In the final days of the legislature the battle over AB348 heightened. When the bill came up for votes in the Assembly, and then the Senate, a torrent of calls from the public flooded the offices of legislators to give input. A good part of that torrent was loosed through the efforts of Power2Parent.
Many calls came from Moapa Valley parents, according to Whitmore. “As those critical times arrived, we worked pretty hard to get the word out to everybody we knew,” Whitmore said. “We sent text messages to all of our contacts and sent out emails and posted on social media sites. The response was incredible. So many people had a part in it.”
The bill ranked in the #5 spot of most votes received on the Nevada Legislature website’s 2017 Bill Opinion Poll. It received nearly 1,700 votes from members of the public who logged in to make comment. About 70 percent of those responses were opposed to the bill.
Despite this, the bill still passed both houses of the legislature. This was done mainly along party lines, with the Democratic majority pushing the bill through.
Last week, the debate reached a fevered pitch as the bill lay on the governor’s desk awaiting his decision to approve or veto it. Social media, email traffic and text message networks again lit up in the Moapa Valley and across the state as parents were encouraged to call the governor’s office and leave comments.
When the news of the veto finally came, the leaders of the effort were pleased with the results and appreciative of the responsiveness and support from parents.
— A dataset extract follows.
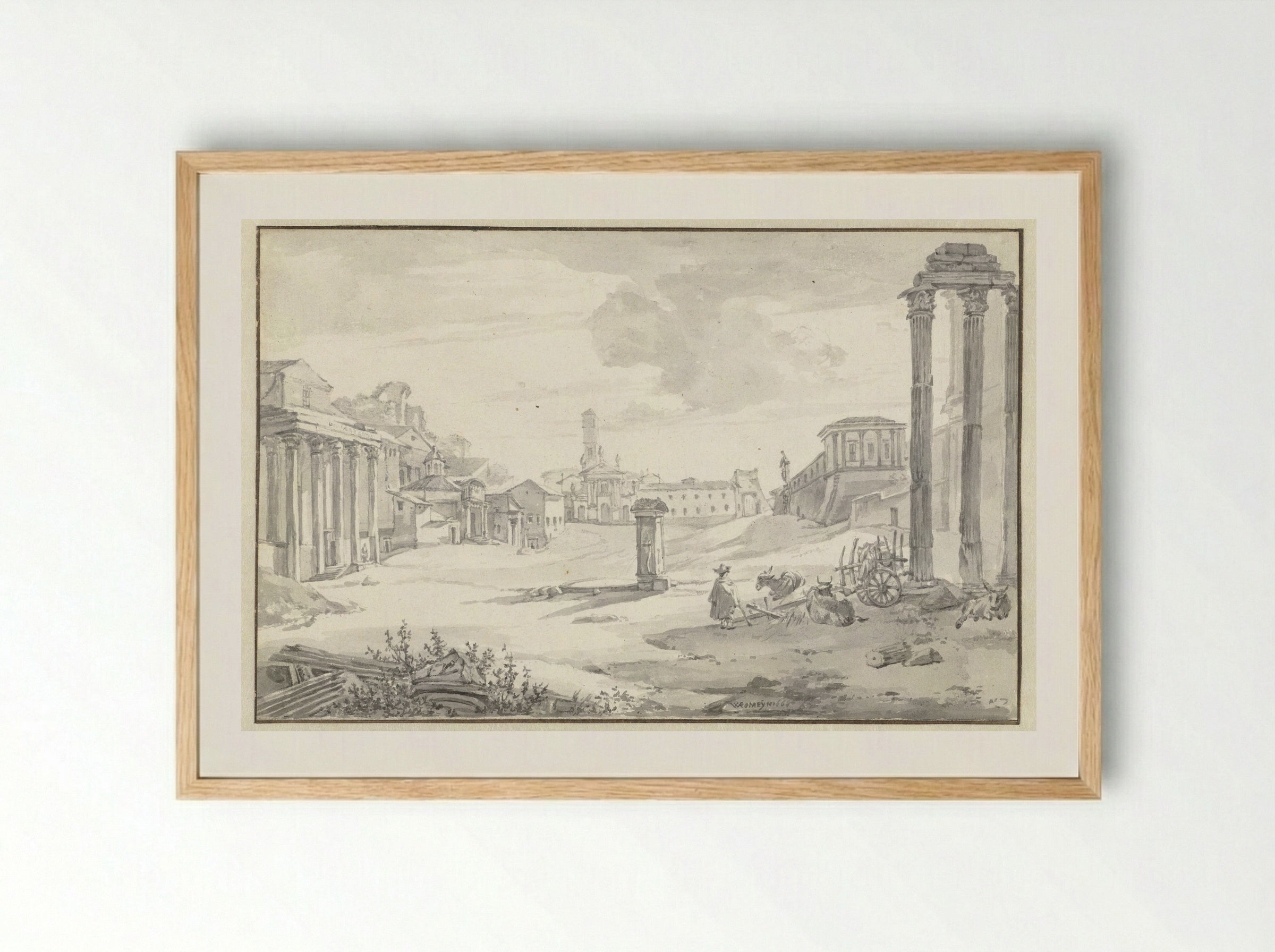 Gezicht op het Campo Vaccino - Willem Romeyn - Framed Print Wood
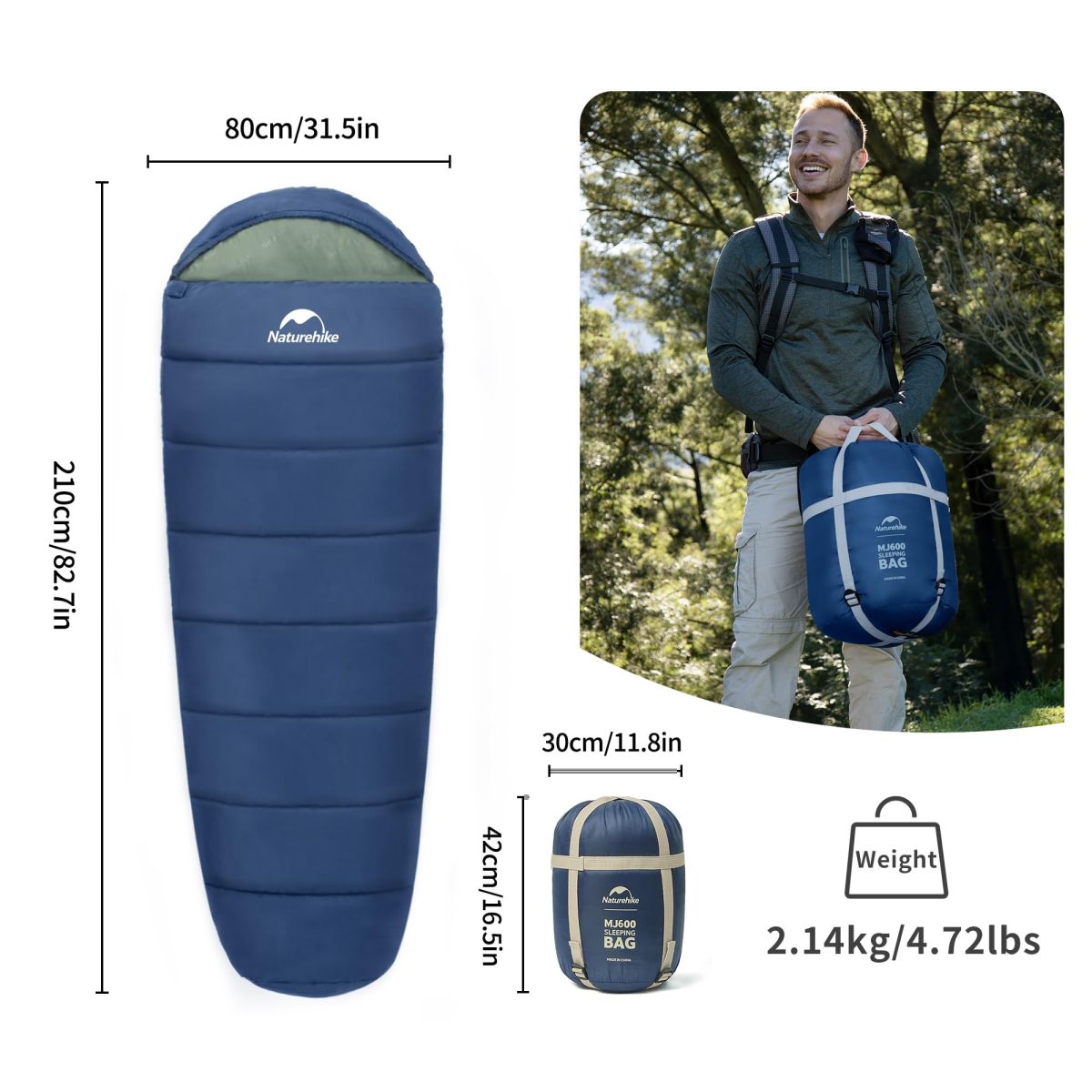 Bolsa de Dormir con Capucha MJ600 (Límite -12°)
“We have the best community!” Whitmore said. “We send a notice out about this and people just get right on it. We would get messages back immediately that people had already made contact and provided feedback. I’m sure it was that kind of attitude that made the difference in this. I was just proud of our community.”
Earl pointed out that parent opposition to the bill was broad-based and bipartisan.
“This was not a Republican vs. Democrat issue,” Earl said. “We had strong response from parents, in all segments of the community, who stood up and said no to this. Nothing galvanizes parents as much as the topic of sex ed in public schools. In the past, we have seen parents from all over the community pack in to trustee meetings all night long to say that they want to be involved. This victory really belongs to them.”
Though AB 348 is now dead, Earl recognizes that the battle on the issue is still far from over.
“There is no question that the real work begins today,” Earl said. “This issue will be back again. We will have to fight another day in trustee meetings or at the legislature. But we are working to bring things forward that will strengthen parental rights in Nevada. We just want to keep parents informed.”